### [WHAT TO DO]
Please repeat, exactly and without pictures, the lines of the entries below that run from the one containing "FC Celtic fľaša na pitie UV crest and text" through the one containing "Black sports shoes B-6851 Black".

### [RECORDS SUPPLIED]
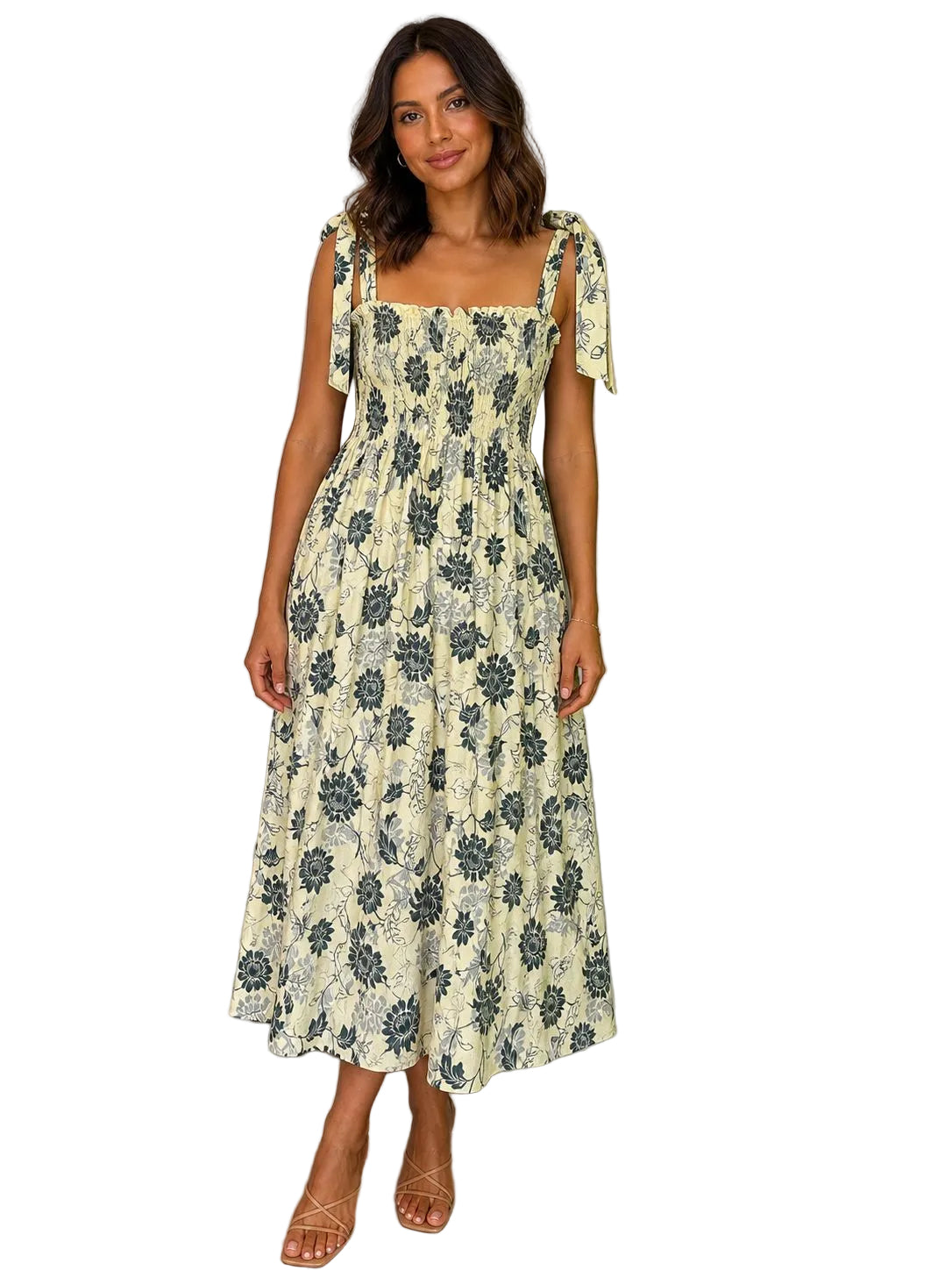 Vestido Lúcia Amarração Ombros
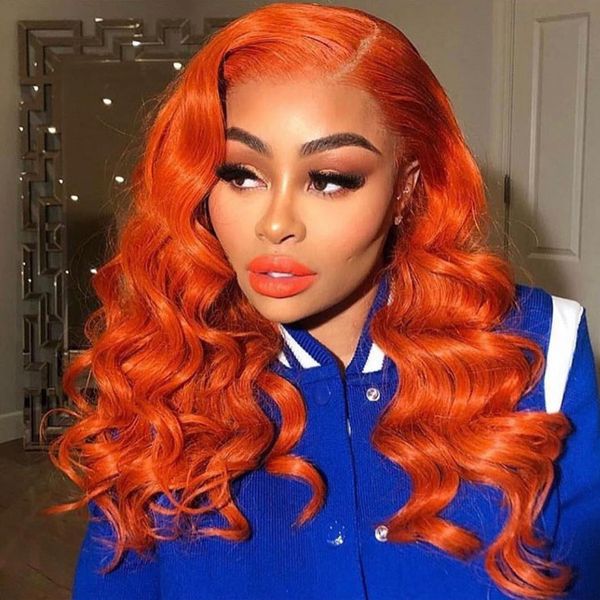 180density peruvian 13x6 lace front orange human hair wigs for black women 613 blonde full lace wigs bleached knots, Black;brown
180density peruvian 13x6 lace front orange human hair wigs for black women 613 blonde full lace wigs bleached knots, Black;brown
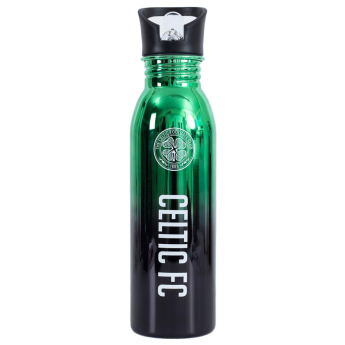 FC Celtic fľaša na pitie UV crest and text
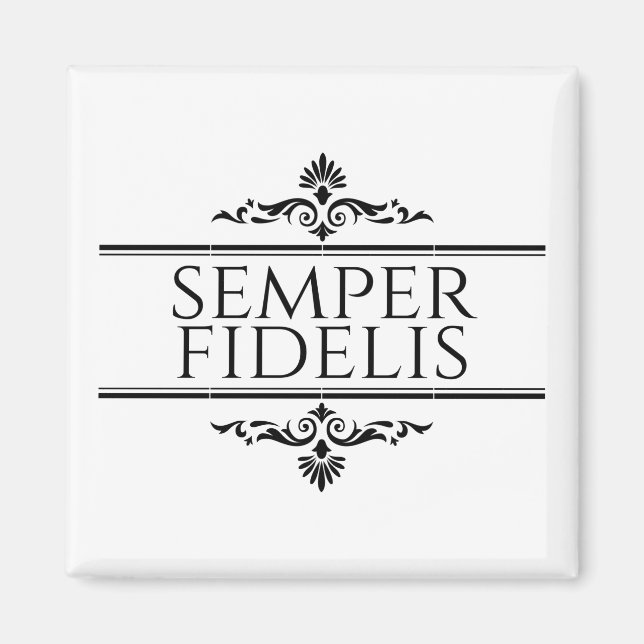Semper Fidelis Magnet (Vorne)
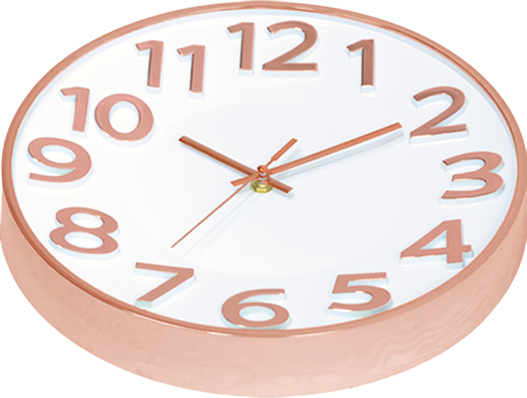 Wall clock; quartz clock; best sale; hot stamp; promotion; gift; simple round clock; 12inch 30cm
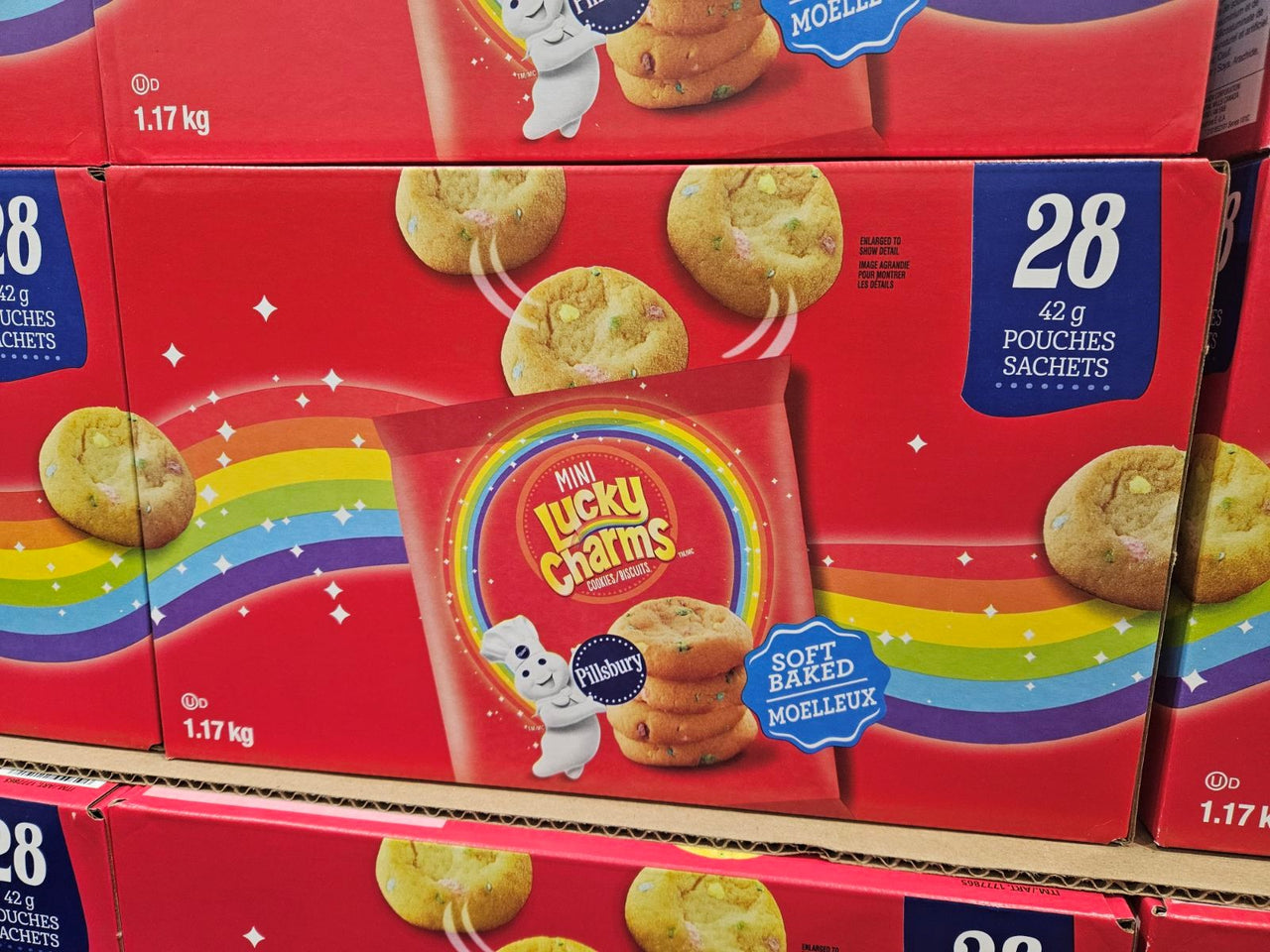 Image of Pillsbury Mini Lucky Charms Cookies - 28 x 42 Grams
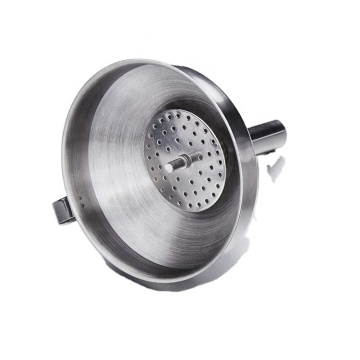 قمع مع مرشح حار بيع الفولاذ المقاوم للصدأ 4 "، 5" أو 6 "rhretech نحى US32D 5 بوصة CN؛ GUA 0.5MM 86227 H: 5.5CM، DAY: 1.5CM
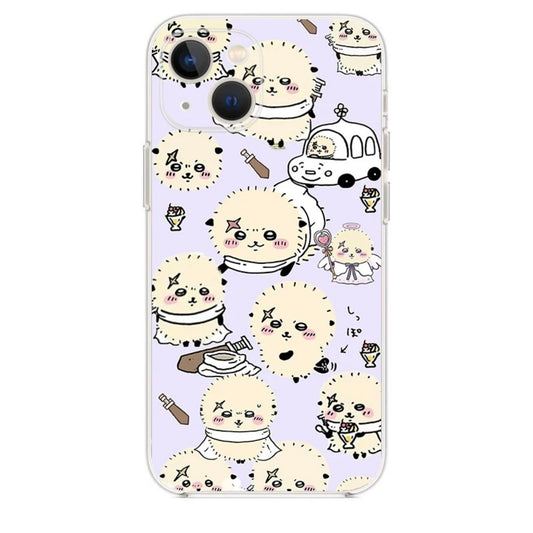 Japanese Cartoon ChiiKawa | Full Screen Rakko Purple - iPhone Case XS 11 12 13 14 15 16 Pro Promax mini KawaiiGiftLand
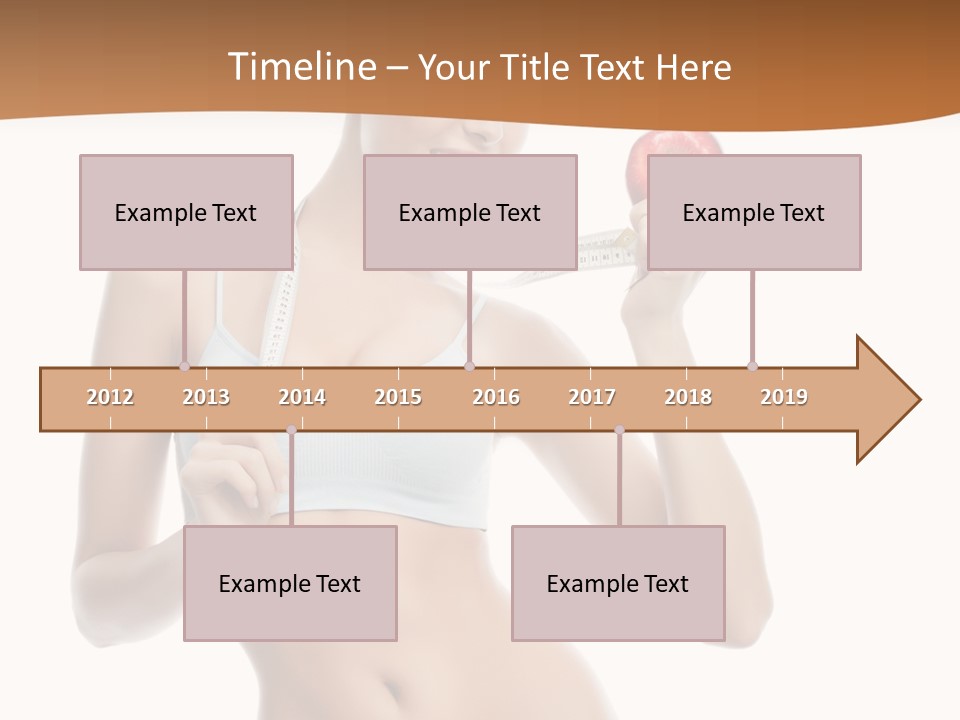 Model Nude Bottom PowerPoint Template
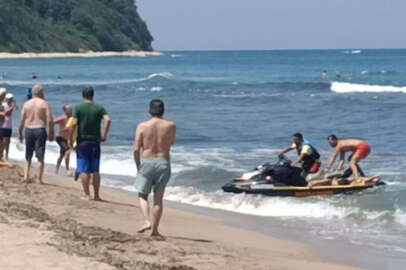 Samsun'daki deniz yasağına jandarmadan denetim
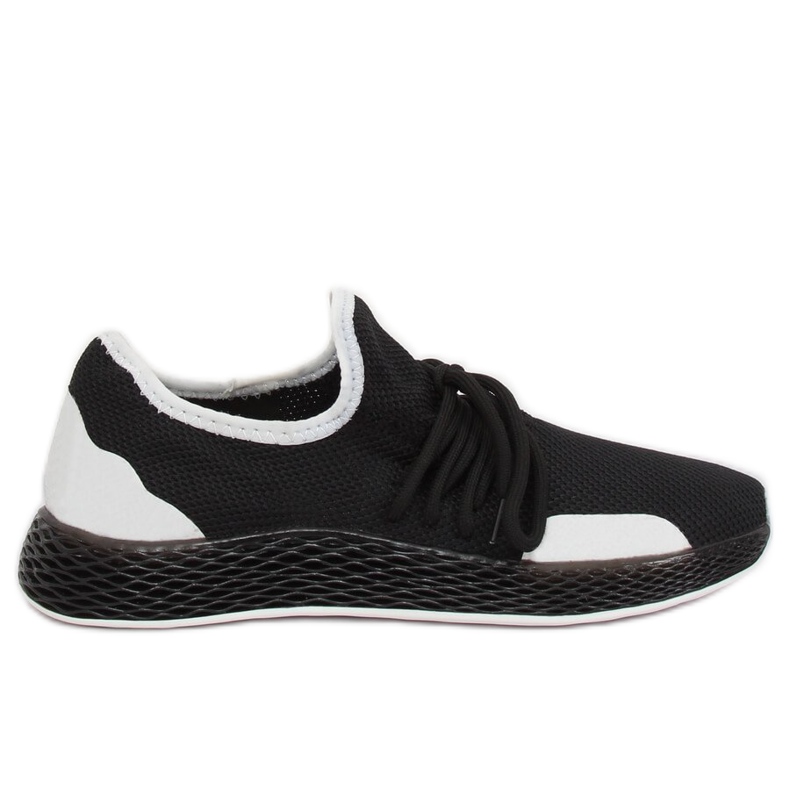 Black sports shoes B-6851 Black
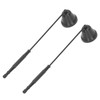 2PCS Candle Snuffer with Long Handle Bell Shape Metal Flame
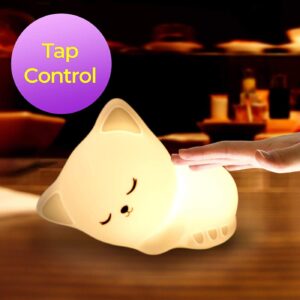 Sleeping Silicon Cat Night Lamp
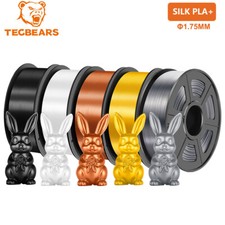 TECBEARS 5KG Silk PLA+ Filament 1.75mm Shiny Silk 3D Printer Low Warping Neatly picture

### [ANSWER BOX]
 FC Celtic fľaša na pitie UV crest and text
Semper Fidelis Magnet (Vorne)
 Wall clock; quartz clock; best sale; hot stamp; promotion; gift; simple round clock; 12inch 30cm
 Image of Pillsbury Mini Lucky Charms Cookies - 28 x 42 Grams
 قمع مع مرشح حار بيع الفولاذ المقاوم للصدأ 4 "، 5" أو 6 "rhretech نحى US32D 5 بوصة CN؛ GUA 0.5MM 86227 H: 5.5CM، DAY: 1.5CM
 Japanese Cartoon ChiiKawa | Full Screen Rakko Purple - iPhone Case XS 11 12 13 14 15 16 Pro Promax mini KawaiiGiftLand
 Model Nude Bottom PowerPoint Template
 Samsun'daki deniz yasağına jandarmadan denetim
 Black sports shoes B-6851 Black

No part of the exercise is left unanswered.